Employee will execute, acknowledge and deliver to the Company any and all further assignments,
contracts or other instruments the Company deems necessary or expedient, without further
compensation, to carry out and effectuate the intents and purposes of this Agreement and to vest in
the Company each and all of the rights of the Company in the Intellectual Property.
8. Covenants.
a. Non-Competition — and Non-Solicitation. Employee acknowledges and agrees that
the Company’s and its subsidiary and affiliated companies’ (collectively, the “Companies”)
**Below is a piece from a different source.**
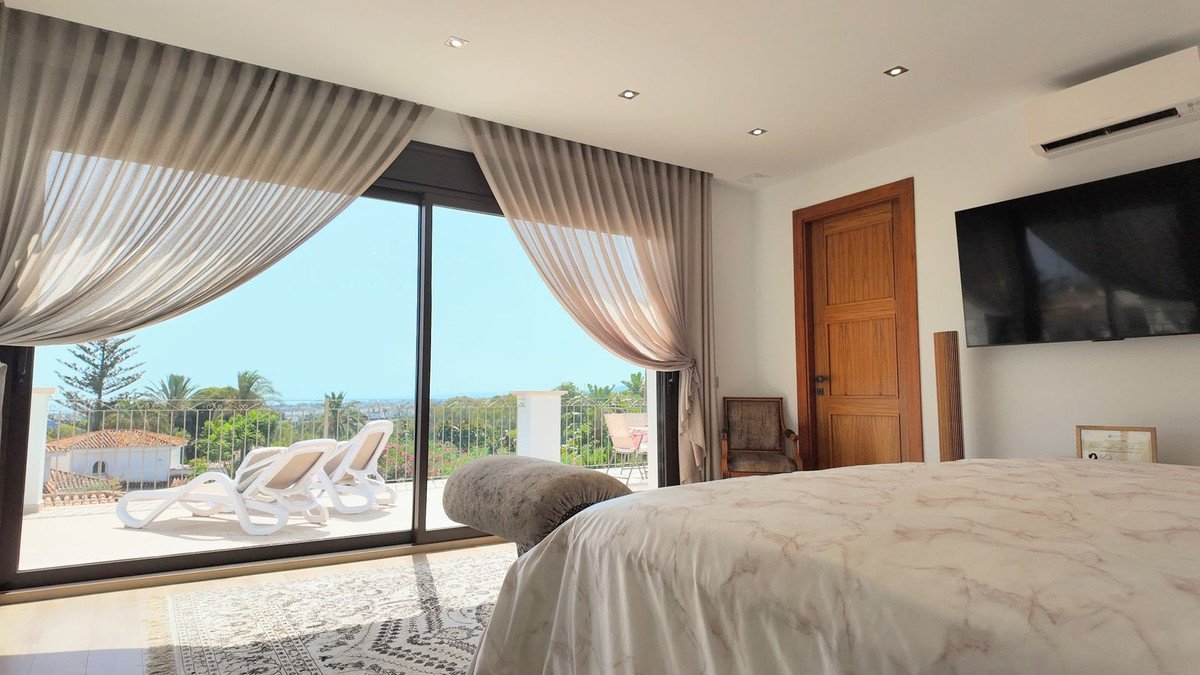 5 Bed Detached Villa in Estepona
existing or contemplated businesses (the “Business”) are conducted throughout the United
States of America and the Commonwealth of Canada. Until one (1) year following the date of the
termination of Employee’s employment with the Company (the “Period of Non-Competition”) and
within the United States of America and the Commonwealth of Canada (including their possessions,
protectorates and territories, the “Territory”), Employee will not (whether or not then employed by
the Company for any reason), without the Company’s prior written consent:
(i) directly or indirectly own, manage, operate, control, be employed by, act as agent,
consultant or advisor for, or participate in the ownership, management, operation or control of, or
be connected in any manner through the investment of capital, lending of money or property,
rendering of services or otherwise, with, any business of the type and character engaged in and
competitive with the Business. For these purposes, ownership of securities of one percent (1%) or
less of any class of securities of a public company will not be considered to be competition with
the Business;
(ii) solicit, persuade or attempt to solicit or persuade or cause or authorize directly or
indirectly to be solicited or persuaded any existing customer or client, or potential customer or
client to which the Companies have made a presentation or with which the Companies have been having
discussions, to cease doing business with or decrease the amount of business done with or not to
hire the Companies, or to commence doing Business with or increase the amount of Business done with
or hire another company;
(iii) solicit, persuade or attempt to solicit or persuade or cause or authorize directly or
indirectly to be solicited or persuaded the business of any person or entity that is a customer or
client of the Companies, or was their customer or client within two (2) years prior to cessation of
Employee’s employment by any of the Companies or any of their subsidiaries, for the purpose of
competing with the Business; or
(iv) solicit, persuade or attempt to solicit or persuade, or cause or authorize directly or
indirectly to be solicited or persuaded for employment, or employ or cause or authorize directly or
indirectly to be employed, on behalf of Employee or any other person or entity, any individual who
is or was at any time within six (6) months prior to cessation of Employee’s employment by the
Companies, an employee of any of the Companies.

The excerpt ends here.